Another quirky problem.. Find the indefinite integral: Integrand of (e^(-1/x))/x^2 Would i just subtract the two, or use substitution?
or rather, just find the integral (not indefinite)
\[\huge \int \frac{e^{\frac{-1}{x}}}{x^2}dx?\]
yes
let u = -1/x that'll do the trick...do a u-substitution
would du= lnx?
nope...derivative of -1/x is not lnx
oh sorry it would be x^-2?
yup!!
so then w/ substitution it would be: (e^u/x^2) du?
or is it du on the denominator?
can i ask why there is an x^2 in the denominator?

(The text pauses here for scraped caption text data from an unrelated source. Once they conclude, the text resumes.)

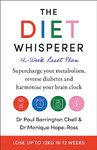 The Diet Whisperer: 12-Week Reset Plan: Supercharge your metabolism, reverse diabetes and harmonise your brain clock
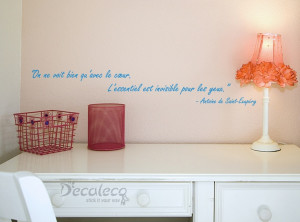 wall with this wonderful quote from The Little Prince (Le Petit Prince ...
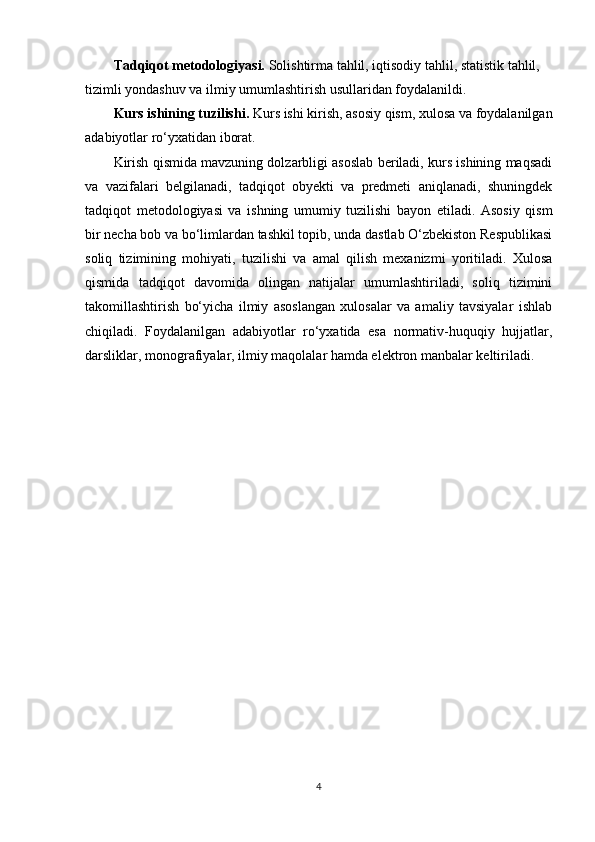 Tadqiqot metodologiyasi.  Solishtirma tahlil, iqtisodiy tahlil, statistik tahlil, 
tizimli yondashuv va ilmiy umumlashtirish usullaridan foydalanildi.
Kurs ishining tuzilishi.  Kurs ishi kirish, asosiy qism, xulosa va foydalanilgan
adabiyotlar ro‘yxatidan iborat.
Kirish qismida mavzuning dolzarbligi asoslab beriladi, kurs ishining maqsadi
va   vazifalari   belgilanadi,   tadqiqot   obyekti   va   predmeti   aniqlanadi,   shuningdek
tadqiqot   metodologiyasi   va   ishning   umumiy   tuzilishi   bayon   etiladi.   Asosiy   qism
bir necha bob va bo‘limlardan tashkil topib, unda dastlab O‘zbekiston Respublikasi
soliq   tizimining   mohiyati,   tuzilishi   va   amal   qilish   mexanizmi   yoritiladi.   Xulosa
qismida   tadqiqot   davomida   olingan   natijalar   umumlashtiriladi,   soliq   tizimini
takomillashtirish   bo‘yicha   ilmiy   asoslangan   xulosalar   va   amaliy   tavsiyalar   ishlab
chiqiladi.   Foydalanilgan   adabiyotlar   ro‘yxatida   esa   normativ-huquqiy   hujjatlar,
darsliklar, monografiyalar, ilmiy maqolalar hamda elektron manbalar keltiriladi.
4 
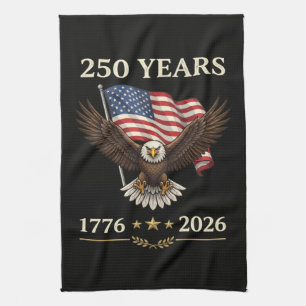 250 Years 1776 2026 Eagle American Flag Tea Towel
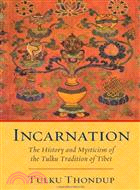 Incarnation ─ The History and Mysticism of the Tulku Tradition of Tibet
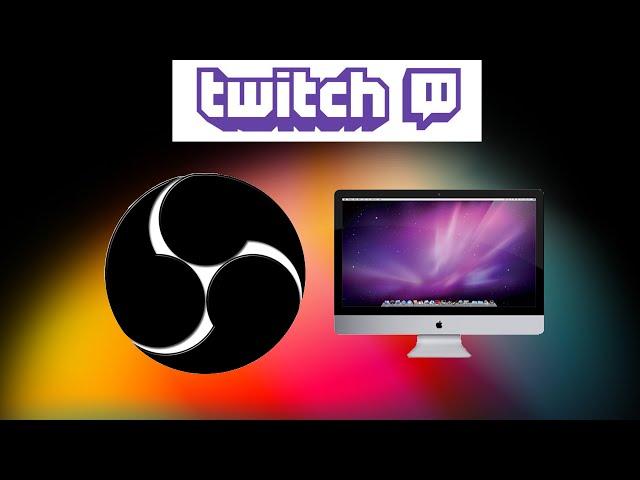 How to Stream from Mac to Twitch with OBS for free (Step by Step)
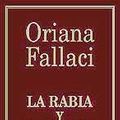 Cover Art for 9788497340533, La rabia y el orgullo/ Rage and Pride (Actualidad) (Spanish Edition) by Oriana Fallaci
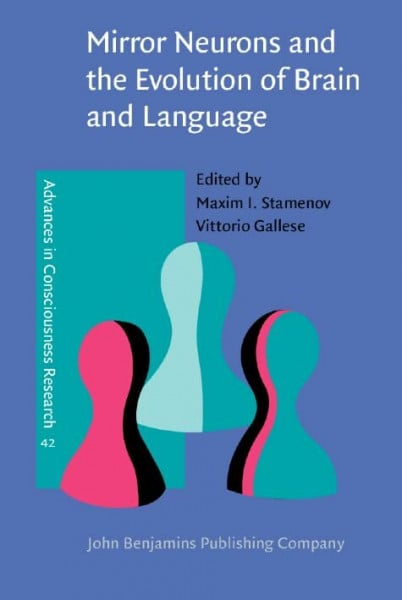 Gallese, Vittorio Mirror Neurons and the Evolution of Brain and Language (Advances in Consciousness Research, Band 42)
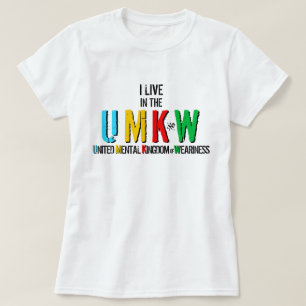 Ik woon in het Verenigd Koninkrijk van Weariness T-shirt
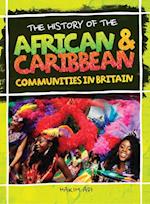 History Of The African & Caribbean Communities In Britain
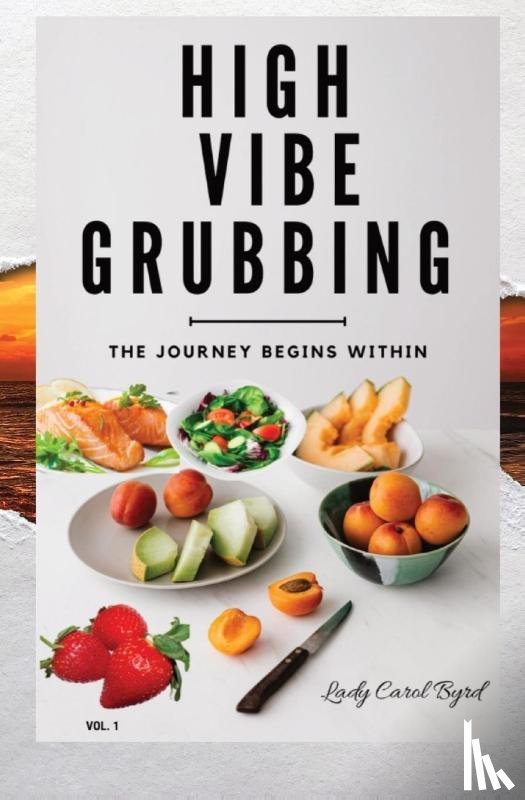 Byrd, Lady Carolyn - High Vibe Grubbing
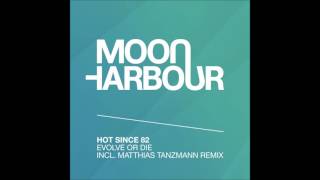 Hot Since 82 - Evolve Or Die (MHR104)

that's what I'm confused about, when i substitute what happens to the denominator of the original equation?
\[\huge \int \frac{e^{-\frac{1}{x}}}{x^2}dx = \int (e^{-\frac{1}{x}})(\frac{1}{x^2})dx\] do you agree?
yes
u = -1/x du = (1/x^2)dx
ok, yup i got that.. now how do I solve
\[\LARGE \int e^u du\] can you see that?
yeah.. and that's the part i question because it looks like the answer would be just the same as the original?
not the original...the x^2 in the denominator will be annihilated after substitution
\[\LARGE \int e^u du = e^u = e^{-\frac{1}{x}}\]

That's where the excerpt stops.